# Heat cycle aggression? Suggestions please...



## roxykong (Dec 27, 2008)

Hello: This is a little long, but I wanted to state all the facts. 
I am the owner of a great girl named Roxy. I am new to this and I will admit wasn't entirely ready, but she was someone's" accident" who literally fell into our laps at the best time she could have, as we don't have any children yet and my husband and my schedule are very flexible and we had enough time to devote to her training and exercise. I had to take her home, no matter how much work it was going to take and since has enriched my life more than I could ever haveb imagined.
She is 9 months old, and we have had her since she was 2 months. She is well socialized with other dogs and people and has never shown aggression to others, only a bark or growl here and there to alert us to something suspicious. We also have 3 cats that she only wants to play with, but they won't have that yet. She finished her first heat cycle about 3 weeks ago. We will be getting her spayed in about a month.

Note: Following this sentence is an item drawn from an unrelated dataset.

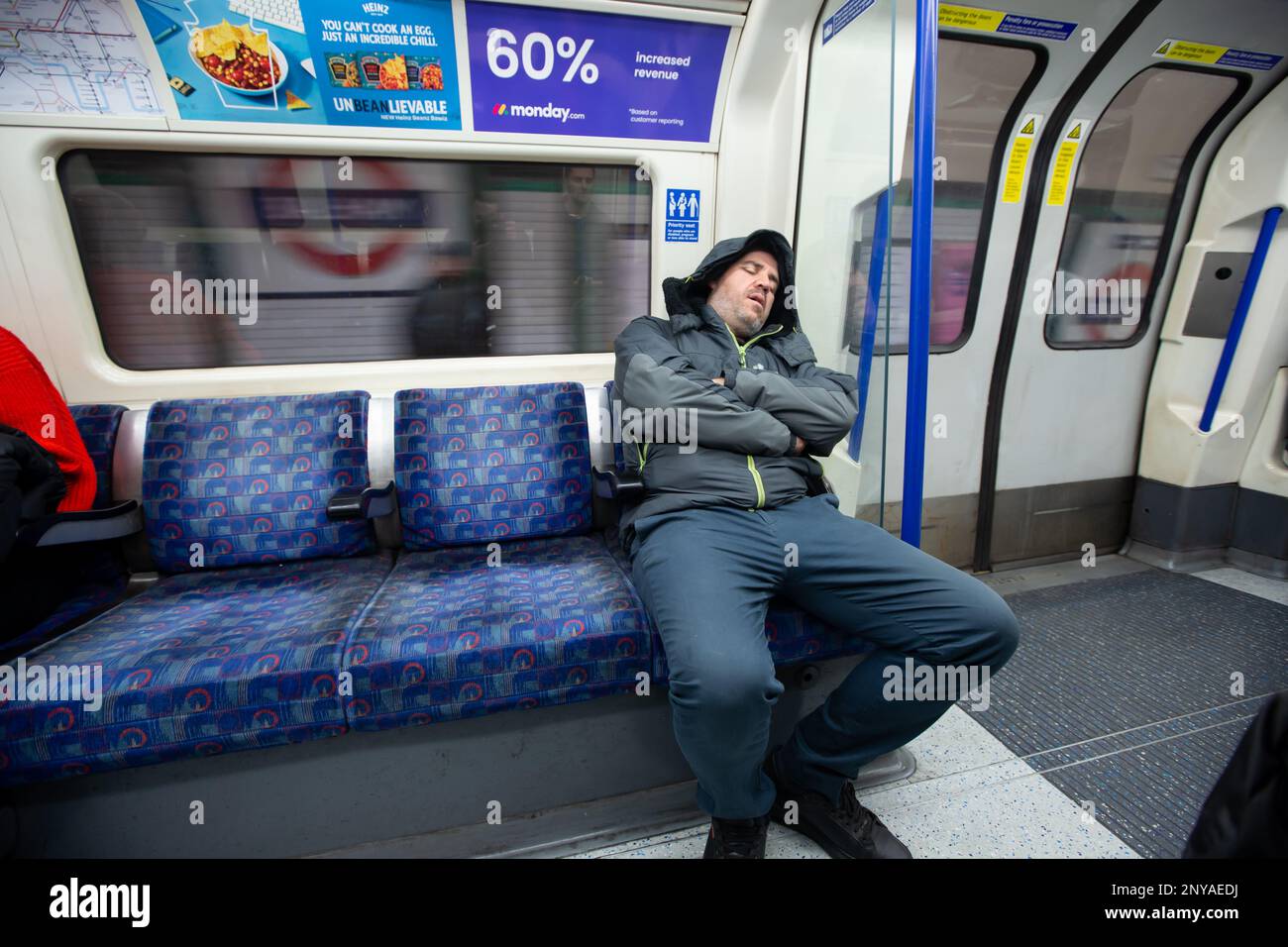 LONDON, UK. MARCH 2ND: A man sleeps in London Underground. Daily Life. Federico Guerra Maranesi Credit: Federico Guerra Morán/Alamy Live News Stock Photo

We were hoping to get her spayed before her cycle, but then it arrived and we had to wait. About half way through her cycle, she had gotten very defensive about any of her food and her personal space. We let her roam the house, but there is an area where her crate and dishes are. She has snapped at me several times if I just walk past her when her food is out. Lately, she hasn't even been gobbling it down, just watching me, and her food. I don't watch her eat, but if I go to walk around her, she runs to her dish and hovers over it. Or she will guard her bones, but not touch them. She is finished with her cycle now and I thought that it would go away, but these instances have continued. She is less agressive towards my husband, and while we are both involved in training and play time, I am around more often and am more of the disciplinarian. I take her food or bone away once she does this if I can, and show her that it is "mine", not hers.

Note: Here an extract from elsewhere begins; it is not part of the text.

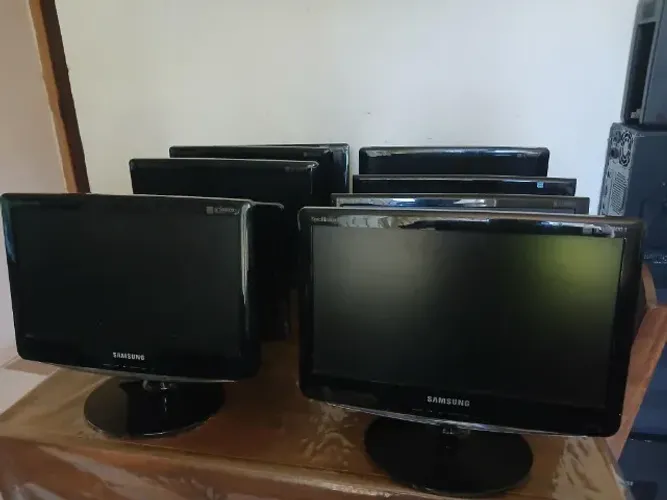 Lote de Monitores Samsung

Will this go away once she is spayed? Is this normal? Thanks so much.


----------



## Fodder (Oct 21, 2007)

i would try hand feeding her for a few weeks. so that she sees the food truly is yours and that she has to earn each and every morsel. many rescues recommend doing this the first month you bring a dog home to gain their trust and help establish pack order.

i'd question if this is solely due to her heat cycle. handler aggression doesnt sound normal to me at all.


----------



## sprzybyl (May 15, 2008)

At least in my humble experience, I have never seen aggression during heat cycle in the female dogs I have had/ known. Most recently, Riley is just ending her first... so I would question the soley to heat cycle thing. 

I second the hand feeding. Maybe if you feel more comfortable, start somewhere away from the "food space" and work your way back there (based on her reactions). 

Is there inconsistency between you and your husband? Are you feeding her on a regular basis? Maybe those questions can give more clues as to what is going on!

Sounds like you got a great dog and I'm glad she enriched your life so much! (I feel the same with my 11 month old!)


----------



## WiscTiger (Sep 25, 2002)

Some females react very differently when in season. I would give some weight to the hormones, but I also would work on correcting the problem. Hand feeding is a good idea or just putting her in her crate and letting her eat. Then take away the food dish and in the mean time take away any treasures bones etc. She can have the bones and toys when you say not when she feels like it.

Val


----------



## roxykong (Dec 27, 2008)

Thank you for clearing that up a little. Before I read the responses, I actually decided to start hand feeding her the other day, and she was confused but did okay with it. 
We have a regular scheduled feeding time, but I am usually the one to feed her.

In the past few days, she hasn't wanted to eat. Just guard her food.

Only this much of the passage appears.